Al presidente no lo querían tumbar. Pedían reconocer en el incremento del precio del diésel su sentido de oportunidad y las realidades de una economía que afronta un momento complejo. El acuerdo con los transportadores es bienvenido por la mayoría de los colombianos, pero estamos lejos de solucionar los problemas en su origen.
Múltiples razones, y no solo el aumento en los precios del diésel, han sido causantes del paro. Se pueden identificar la difícil situación fiscal que motivó el incremento, la caída de la economía que ha afectado el mercado de los fletes, y el deterioro de la seguridad que les impide desarrollar su trabajo como consecuencia de las extorsiones a su actividad y los permanentes bloqueos de grupos organizados que los utilizan para presionar al gobierno a la sombra de “la paz total”.

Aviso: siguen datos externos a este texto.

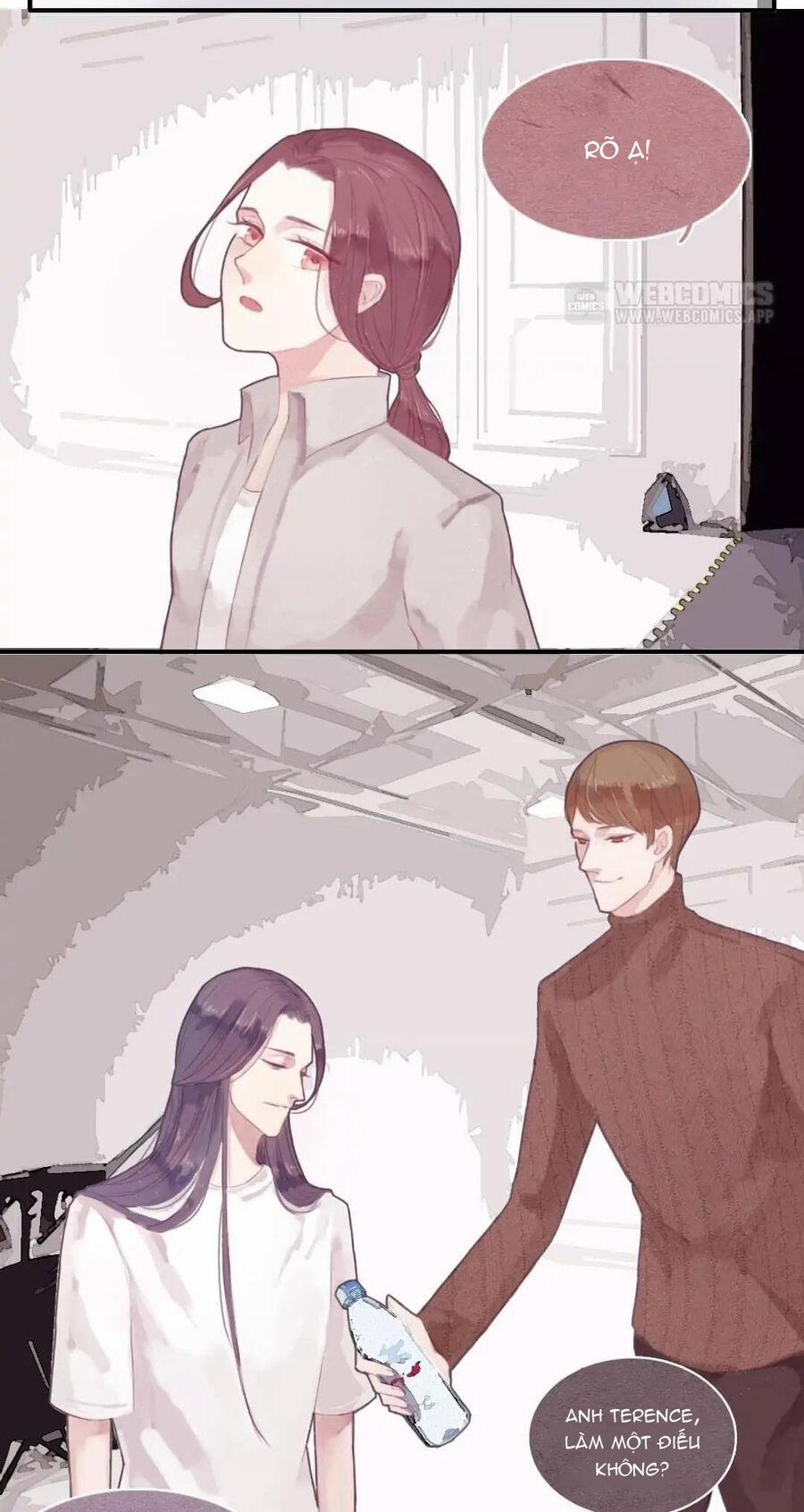 Đưa Đôi Bàn Tay Cho Tôi 4 trang 8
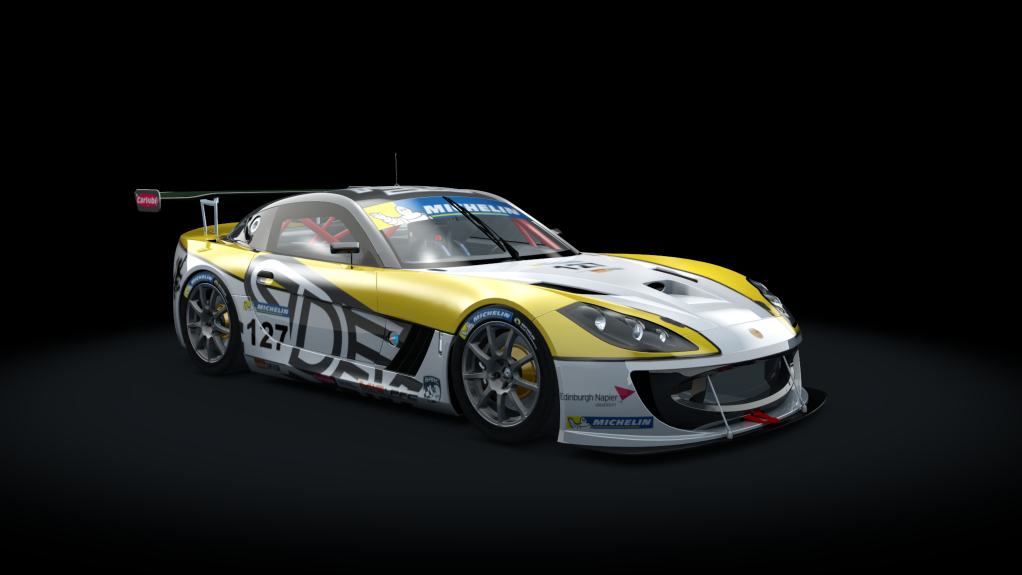 Ginetta Gt4 Supercup thumbnail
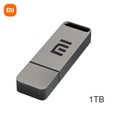 Load image into Gallery viewer, New XIAOMI USB 3.1 Flash Drive 2TB High-Speed Pen Drive 1TB Metal Waterproof Type-C Usb PenDrive For Computer Storage Devices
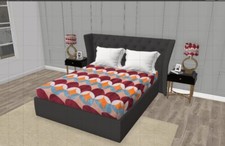 Pile Inverno King Size di Lana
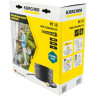 Комплект для промывки труб KARCHER 15 м 2.637-767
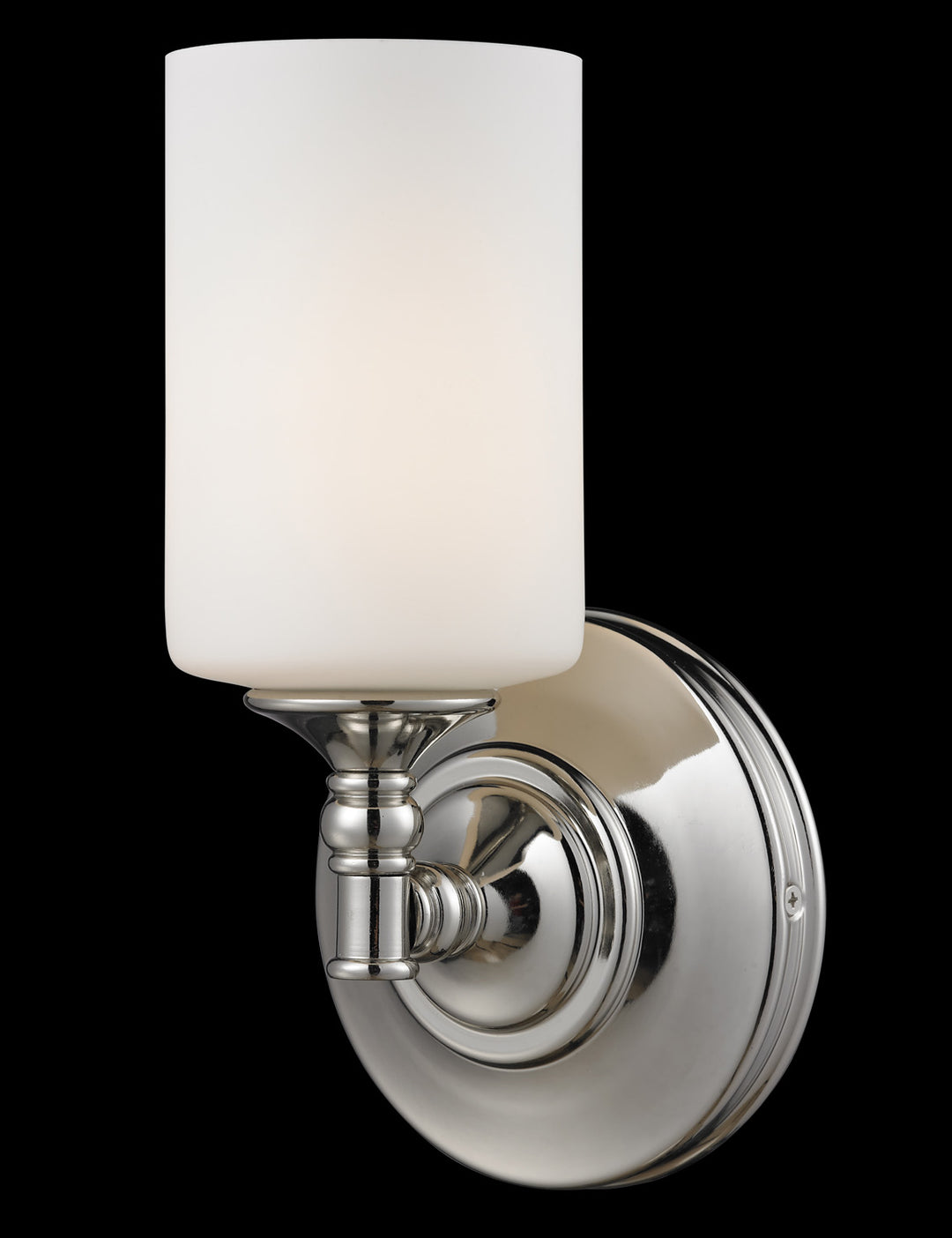 Z-Lite Canada - 2103-1S - One Light Wall Sconce - Cannondale - Chrome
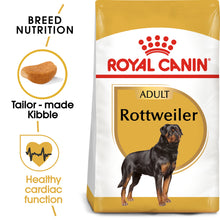 Royal Canin Breed Health Nutrition Rottweiler Adult 12 kg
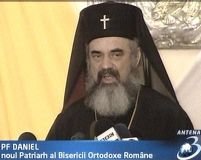 CNSAS: Patriarhul Daniel nu a făcut poliţie politică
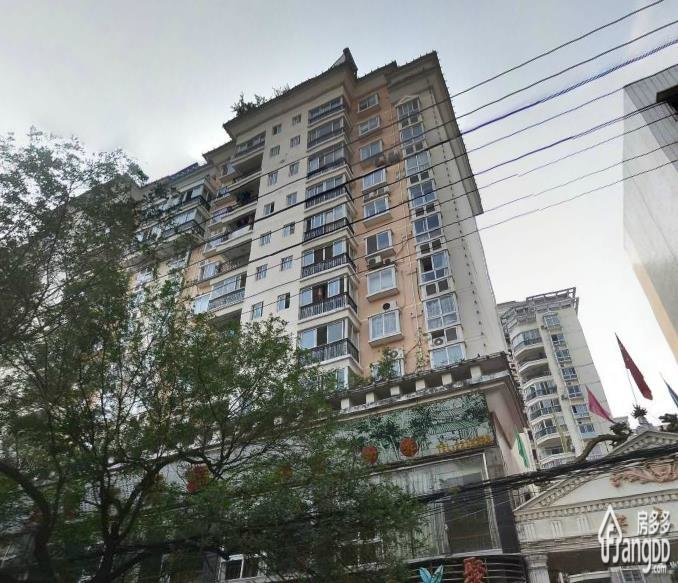 宏杰花园小区图片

El transporte terrestre, por las razones que fuere, carece en Colombia de competencia, lo que le confiere al gremio un decisivo poder negociador. En este caso se han puesto en evidencia el caos, la debilidad política y la improvisación de un gobierno que no acertó en el alza y su oportunidad, que no fue capaz de negociar los incrementos en el tiempo y que debió doblegarse ante la presión gremial y ciudadana.
Un gobierno vociferante, peleonero y muy mal administrador ha sembrado vientos y cosecha tempestades. Aunque no se diga, el paro de los transportadores también se trató de la primera respuesta política de un sector económico a constantes agresiones contra la libre empresa. Una reacción a la pasividad gubernamental con los constantes bloqueos por parte de comunidades y grupos armados que han afectado durante este gobierno a un sector que paga impuestos, pero no recibe seguridad, sumadas al impacto de decisiones ideológicas -incomprensibles para el mercado- como suspender las exportaciones de carbón a Israel o disminuir la actividad petrolera, las cuales disminuyen la demanda de sus servicios.
Tanto subsidios como impuestos a los combustibles se refieren a decisiones de política económica y fiscal. Desde ese punto de vista, puede tener sentido que un país productor los subsidie en alguna medida como reclaman transportadores y propietarios de vehículos. Su conveniencia o inconveniencia se refiere a los ingresos y gastos del Estado, a la situación fiscal, en nuestro caso claramente deficitaria.
Las razones del déficit fiscal se pueden explicar por los menores ingresos del Estado. La disminución de la actividad económica o recesión en que se han encontrado por un ya largo periodo importantes sectores de la economía con una inversión espantada por incoherencia en las políticas, malas expectativas o pesimismo e incertidumbre. No puede desestimarse, sin embargo, la manera como se ha incrementado la deuda pública, la cual se duplicó como proporción del PIB desde 2010 hasta 2018. En la pandemia, por razones conocidas, continuó creciendo, pero no alcanzó esos niveles.
A “la clase obrera” que el presidente cree representar, y a todos, nos costará más el mercado. Como antecedente, los paros de 2021 generaron pérdidas económicas estimadas en aproximadamente $10 billones (alrededor de USD 2.7 mil millones). Las interrupciones en la producción, el comercio y la logística fueron las principales fuentes de esas pérdidas. Se ha estimado que el PIB se redujo en un 1 % y se generaron incrementos de un 20 % en el precio de los pollos y los huevos. Los efectos en la inflación del paro que acaba de terminar están por establecerse. La solución de los problemas que lo han motivado, también.